- _Required work_
What you give back must match the data exactly, minus the pictures.

- _Dataset extract_
##############################

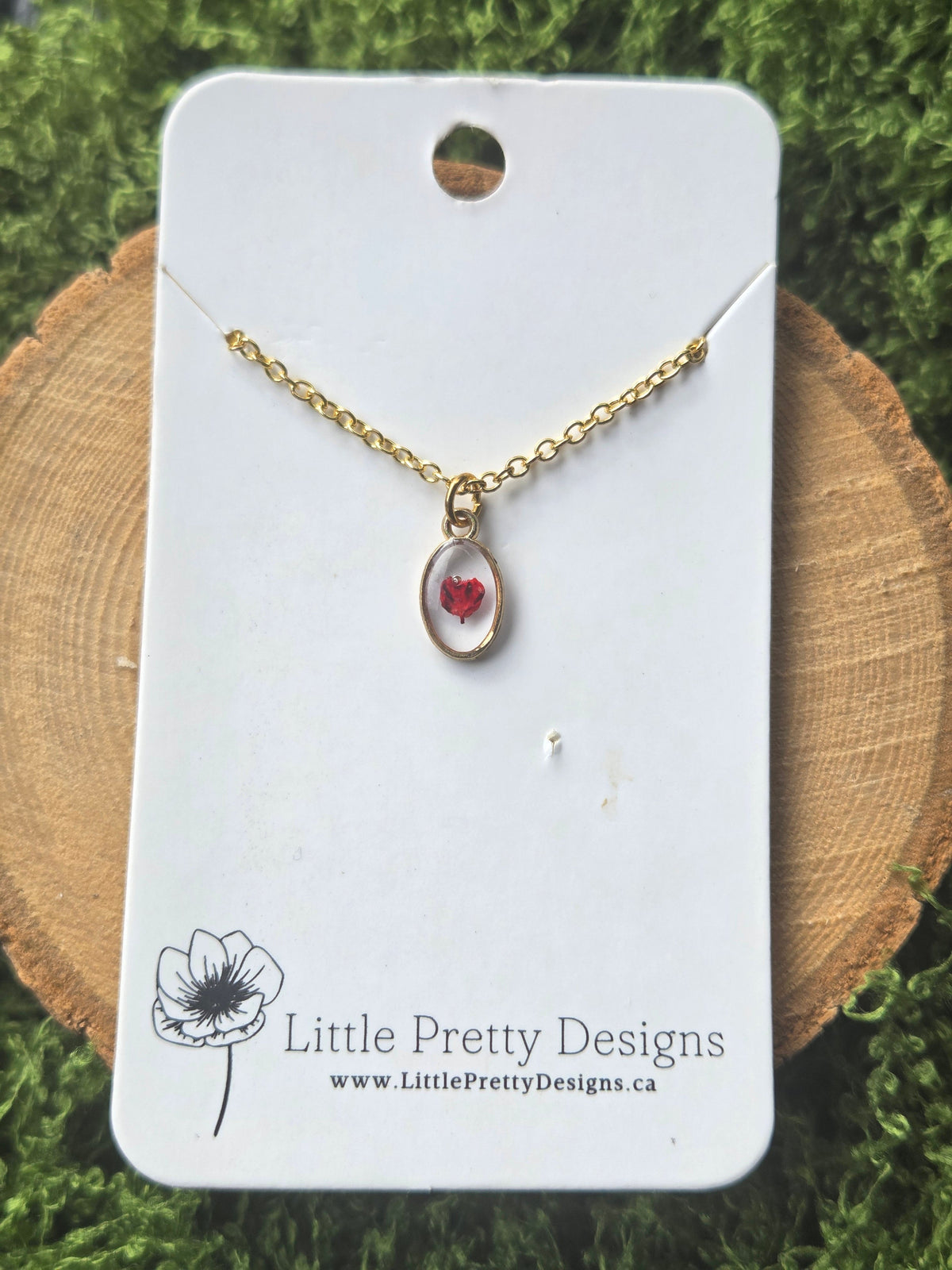 Tiny petal necklace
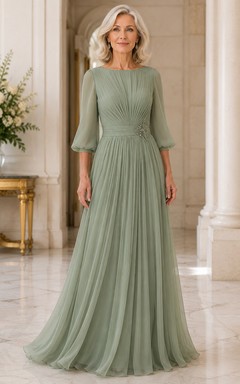 Salbeigrünes, plissiertes Chiffon-Mutterkleid mit 3/4-Glockenärmeln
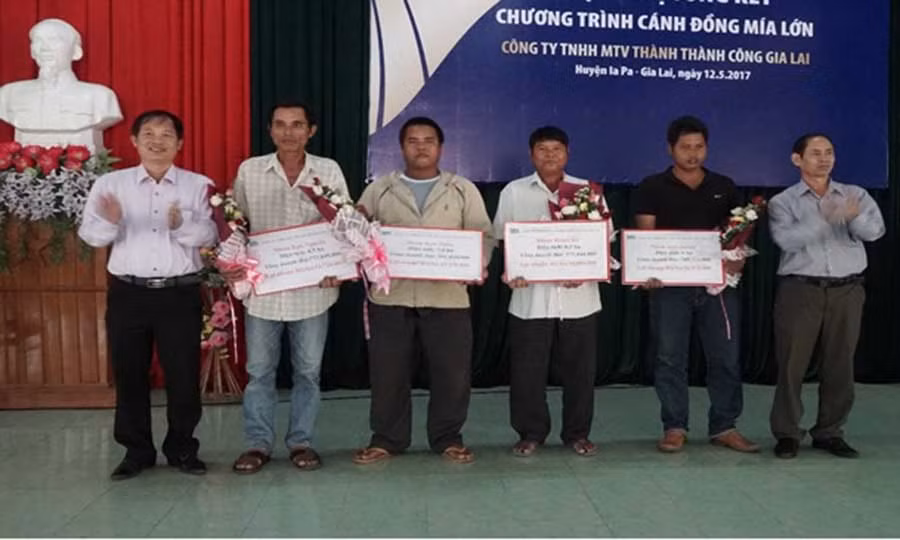 Niềm vui của các hộ trồng mía người dân tộc thiểu số tại Ia Pa khi nhận doanh thu sau một vụ mùa.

##############################

- _Expected output_
 Tiny petal necklace
 Salbeigrünes, plissiertes Chiffon-Mutterkleid mit 3/4-Glockenärmeln
 Niềm vui của các hộ trồng mía người dân tộc thiểu số tại Ia Pa khi nhận doanh thu sau một vụ mùa.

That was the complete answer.